Poems for Monday Mornings: Sun Yung Shin’s “Until the Twenty-Second Century” at From the Fishouse

Throughout the months of April and May, we’ve been posting on Monday mornings to share audio recordings of poems that have moved, challenged, or stuck with us each week.  Today, for the final installment of this series, we’re featuring a recording of Sun Yung Shin’s “Until the Twenty-Second Century” (from her book Skirt Full of Black).  This is a poem about markers of time’s passage (which seems appropriate for both the end of APIA Month and the turn of the seasons from spring to fall), and I love the way that the imagery in it knits together points of turning—seams, horizons, borders, crossings, passings.  The mapping of routes, from one century to the next, is evoked through the image of Hansel’s leaving of crumbs throughout the forest—a serially impermanent gesture—and yet is transformed and darkly transmuted in the course of telling: crumbs become rocks, which, in turn, are what the birds consume:

I laid my motherhood along the beginning of the skyline of the twenty-first century
Like Hansel’s pebbles
They will balance on the sky’s uneven floor
Until I retrace and pick them up, lining my pockets
Or they, as rocks have done, are mistaken for food

And yet there is a transcendent timelessness that ultimately comes to the surface of the poem.

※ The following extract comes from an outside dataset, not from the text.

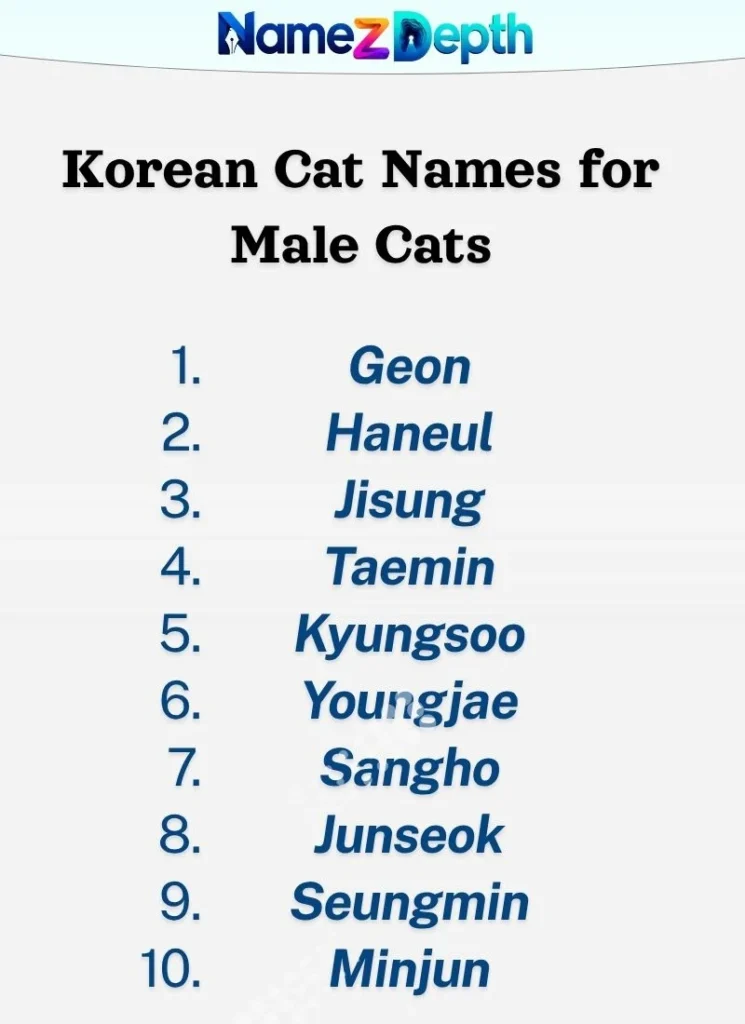 Korean Cat Names for Male Cats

Shin’s speaker makes a pact to meet the “you” in one hundred years, after she has “consign[ed her] bones to a place / That is neither trail nor time,”  and the last few stanzas see the speaker’s making a sort of post-mortem marriage vow on on her own, gender-bending terms: she invites the “you” with the promise of a ring (a rather grisly one carved from her own flesh, no less—perhaps an ironic comment upon the consumable nature of Hansel’s body in the fairytale?); she creates a map and tells the “you” to wait while she charts his or her course—she who is, who has been, Hansel, mapmaker and leader of the quest.  By poem’s end, the speaker’s voice has become feathered over, layered thickly (if unevenly) with the wisdom of the ages; it becomes sage-like, almost omniscient.  We exit the poem with a sense that each new point of turning may, in fact, not be so different from the last: routes and maps will always be imperfect, truncated, in need of constant re-projection; borders will always be translucent (though physically impermeable) seams at which we must shed one layer of ourselves in order to step across and don a new skin on the other side.

Sun Yung Shin reads “Until the Twenty-Second Century” (via the From the Fishouse archives).

To listen to the recording, click through and then hit “play” on the grey bar next to the ear icon at the top of the page.

Thanks for sticking with us for this series during the past couple of months.

Happy Monday, Happy Memorial Day, and Happy [unofficial beginning of] Summer!